After running the new application in shadow mode for some time, the team decided the application was stable and emitting the expected output. The PostNL IoT platform finally switched over to production and shut down the legacy application.

Key takeaways

Among the several learnings gathered in the journey of adopting Managed Service for Apache Flink, some are particularly important, and proving key when expanding to new and diverse use cases:

Understand event time semantics – A deep understanding of event time semantics is crucial in Apache Flink for accurately implementing time-dependent data operations. This knowledge makes sure events are processed correctly relative to when they actually occurred.
Use the powerful Apache Flink API – Apache Flink’s API allows for the creation of complex, stateful streaming applications beyond basic windowing and aggregations. It’s important to fully grasp the extensive capabilities offered by the API to tackle sophisticated data processing challenges.
With power comes more responsibility – The advanced functionality of Apache Flink’s API brings significant responsibility. Developers must make sure applications are efficient, maintainable, and stable, requiring careful resource management and adherence to best practices in coding and system design.
Don’t mix event time and processing time logic – Combining event time and processing time for data aggregation presents unique challenges. It prevents you from using higher-level functionalities provided out of the box by Apache Flink. The lowest level of abstractions among Apache Flink APIs allow for implementing custom time-based logic, but require a careful design to achieve accuracy and timely results, alongside extensive testing to validate good performance.

Conclusion

In the journey of adopting Apache Flink, the PostNL team learned how the powerful Apache Flink APIs allow you to implement complex business logic. The team came to appreciate how Apache Flink can be utilized to solve several and diverse problems, and they are now planning to extend it to more stream processing use cases.

With Managed Service for Apache Flink, the team was able to focus on the business value and implementing the required business logic, without worrying about the heavy lifting of setting up and managing an Apache Flink cluster.

To learn more about Managed Service for Apache Flink and choosing the right managed service option and API for your use case, see What is Amazon Managed Service for Apache Flink. To experience hands-on how to develop, deploy, and operate Apache Flink applications on AWS, see the Amazon Managed Service for Apache Flink Workshop.

About the Authors

Çağrı Çakır is the Lead Software Engineer for the PostNL IoT platform, where he manages the architecture that processes billions of events each day. As an AWS Certified Solutions Architect Professional, he specializes in designing and implementing event-driven architectures and stream processing solutions at scale. He is passionate about harnessing the power of real-time data, and dedicated to optimizing operational efficiency and innovating scalable systems.

Ozge Kavalci Özge Kavalcı works as Senior Solution Engineer for the PostNL IoT platform and loves to build cutting-edge solutions that integrate with the IoT landscape. As an AWS Certified Solutions Architect, she specializes in designing and implementing highly scalable serverless architectures and real-time stream processing solutions that can handle unpredictable workloads. To unlock the full potential of real-time data, she is dedicated to shaping the future of IoT integration.
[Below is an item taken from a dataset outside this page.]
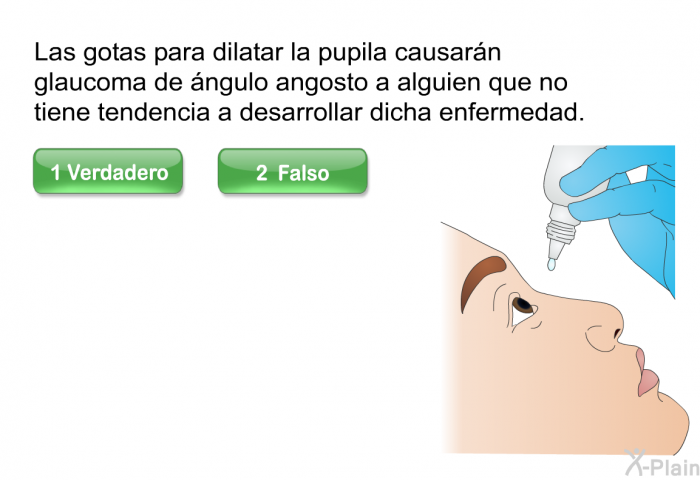 Las gotas para dilatar la pupila causar�n glaucoma de �ngulo angosto a alguien que no tiene tendencia a desarrollar dicha enfermedad.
Amit Singh works as a Senior Solutions Architect at AWS with enterprise customers on the value proposition of AWS, and participates in deep architectural discussions to make sure solutions are designed for successful deployment in the cloud. This includes building deep relationships with senior technical individuals to enable them to be cloud advocates. In his free time, he likes to spend time with his family and learn more about everything cloud.

Lorenzo Nicora works as Senior Streaming Solutions Architect at AWS helping customers across EMEA. He has been building cloud-centered, data-intensive systems for several years, working in the finance industry both through consultancies and for fintech product companies. He has used open-source technologies extensively and contributed to several projects, including Apache Flink.
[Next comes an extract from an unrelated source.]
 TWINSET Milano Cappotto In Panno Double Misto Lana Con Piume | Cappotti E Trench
Krones real-time production line monitoring with Amazon Managed Service for Apache Flink

2024-03-28 Florian Mair

Post Syndicated from Florian Mair original https://aws.amazon.com/blogs/big-data/krones-real-time-production-line-monitoring-with-amazon-managed-service-for-apache-flink/

Krones provides breweries, beverage bottlers, and food producers all over the world with individual machines and complete production lines. Every day, millions of glass bottles, cans, and PET containers run through a Krones line. Production lines are complex systems with lots of possible errors that could stall the line and decrease the production yield. Krones wants to detect the failure as early as possible (sometimes even before it happens) and notify production line operators to increase reliability and output. So how to detect a failure? Krones equips their lines with sensors for data collection, which can then be evaluated against rules. Krones, as the line manufacturer, as well as the line operator have the possibility to create monitoring rules for machines. Therefore, beverage bottlers and other operators can define their own margin of error for the line. In the past, Krones used a system based on a time series database. The main challenges were that this system was hard to debug and also queries represented the current state of machines but not the state transitions.
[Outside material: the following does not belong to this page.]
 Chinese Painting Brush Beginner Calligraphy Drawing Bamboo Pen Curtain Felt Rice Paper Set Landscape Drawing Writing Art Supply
This post shows how Krones built a streaming solution to monitor their lines, based on Amazon Kinesis and Amazon Managed Service for Apache Flink. These fully managed services reduce the complexity of building streaming applications with Apache Flink. Managed Service for Apache Flink manages the underlying Apache Flink components that provide durable application state, metrics, logs, and more, and Kinesis enables you to cost-effectively process streaming data at any scale. If you want to get started with your own Apache Flink application, check out the GitHub repository for samples using the Java, Python, or SQL APIs of Flink.

Overview of solution

Krones’s line monitoring is part of the Krones Shopfloor Guidance system. It provides support in the organization, prioritization, management, and documentation of all activities in the company. It allows them to notify an operator if the machine is stopped or materials are required, regardless where the operator is in the line. Proven condition monitoring rules are already built-in but can also be user defined via the user interface. For example, if a certain data point that is monitored violates a threshold, there can be a text message or trigger for a maintenance order on the line.

The condition monitoring and rule evaluation system is built on AWS, using AWS analytics services. The following diagram illustrates the architecture.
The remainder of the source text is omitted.